« Sideshow bar | Main | How to write a job spec »

RSQ: Really Simple Querying?

Adam Bosworth, with his 'S4' criteria for mass adoption on the web (simple, sloppy, standard, scalable) seems to have clarified the worse is better debate over web data formats. Mike Champion had an interesting comment on RDF and Atom's slopworthiness as compared to RSS over on David Megginson's related entry 'RSS as the HTML for data':

"Bosworth's presentation is very well worth studying in this respect. He says that successful Web-scale technologies tend to be simple (for users), sloppy, standardized (widely deployed in a more or less interoperable way, irrespective of formal status), and scalable.

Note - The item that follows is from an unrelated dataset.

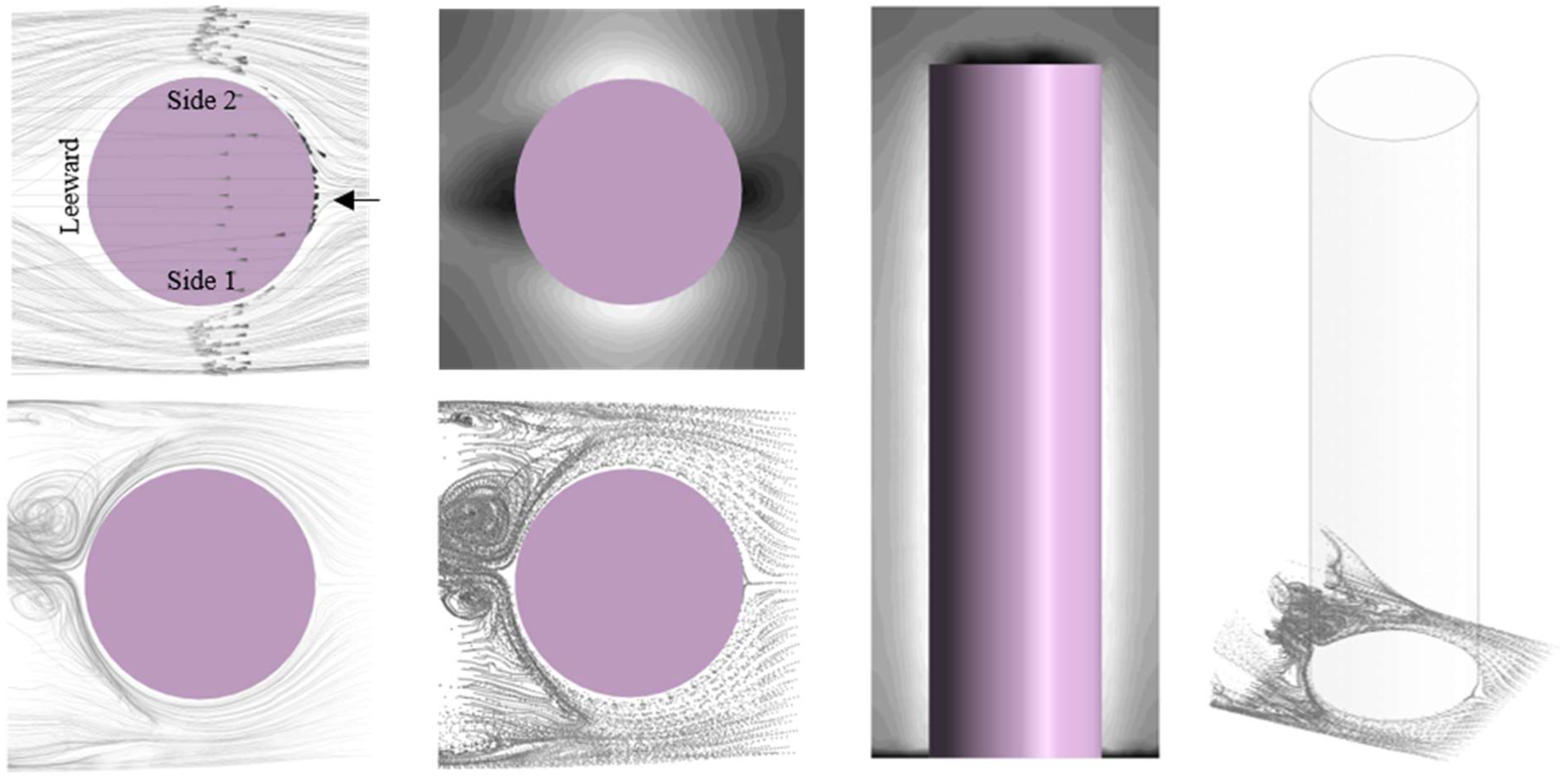 Buildings 12 01581 g004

I don't think Atom or RDF meet these criteria. Atom's main value over RSS is supposed to be its FORMAL standardization, but apparently nobody really cares. (Tim Bray's 'Mr. Safe' has not appeared, but RSS interop and even extensibility is happening and making it boss-friendly in practice). RDF is not simple for ordinary mortals, and its scalability is unproven. (I have been informed that actual RDF systems handle sloppiness well, even though one would think that its basis in formal logic would make it brittle... I don't know how to evaluate that)."

I can only assume that Mike's referring to recent discussion on xml-dev among other things. Over there I agreed that RDF has simplicity/comprehesion issues, but pointed out with a few simple examples that RDF is lot more tolerant of partial and missing information than some people realise. For example Daniel Steinberg also commenting on Adam Bosworth's keynote, thinks that total agreement is a requirement:

"Bosworth predicts that RSS 2.0 and Atom will be the lingua franca that will be used to consume all data from everywhere. These are simple formats that are sloppily extensible. Anyone who wants to can use these formats to consume content or to author content. Contrast this with the Semantic Web, which requires that you get a large group of people to agree on the schema of everything."

In reality, what Daniel said is is not true about RDF - RDF was designed with the unexpected in mind. A lot of this misunderstanding has had to do with early hype about the Semantic Web, which has at times sounded suspiciously like AI reborn. It also has to do with the way the benefits of RDF have been couched - critically, when WS technology adoption was on the up and up, the emphasis of Semantic Web standardization within the W3C was on formalization of the technology rather than useful applications.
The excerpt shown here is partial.